Kevin Petersen, a Las Vegas-based general surgeon, stopped taking insurance in 2005. Petersen named the same reasons as Nunamaker: too much paperwork and overhead, declining payments from insurance companies, and a general loss of control.

"The insurance industry took over my practice," he said. "They were telling me what procedures I could do, who I could treat -- I basically became their employee."

Now Petersen does hernia operations for $5,000 a pop, which includes anesthesia, operating room time and follow-up visits. He negotiates special rates for the anesthesiologist and the operating room, and is able to provide the service for about a third of what a patient might pay otherwise.​

index.html

I take issue with that bolded. Ayn Rand wasn't a free-market champion, she was an objectivist "end-justifies-the-means" blatherer that used dystopian settings to make objectivism look good.

Back to the actual topic, though, good for the doctors! Putting more medical practices into the free market (such as it is) will show the insurance companies not to fuck with them and overcharge on everything.
 
Back to the actual topic, though, good for the doctors! Putting more medical practices into the free market (such as it is) will show the insurance companies not to fuck with them and overcharge on everything.

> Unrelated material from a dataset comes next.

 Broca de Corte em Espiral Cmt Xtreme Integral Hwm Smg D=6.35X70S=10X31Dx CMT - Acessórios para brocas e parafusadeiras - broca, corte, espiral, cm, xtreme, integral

Getting you to think that insurers are the ones responsible for the overcharging is one of the great tricks that providers play on you.

Even in a thread with an article where a guy says he's using to billing $90 for something he says he can do for $3!
 
Eh, he's just hyping himself. I see no problems with that.
But I do believe that there is something wrong with our health insurance agencies, and that they do inflate prices on meaningless things.
 
But... I thought our system was "the Best in the World"...

The quality of care provided is the best in the world. The maze of insurance and government bureaucracy is where the problem lies.
 
But I do believe that there is something wrong with our health insurance agencies, and that they do inflate prices on meaningless things.

I think you're letting those who are charging those prices off a bit easy and placing the totality of blame on those left paying those inflated bills.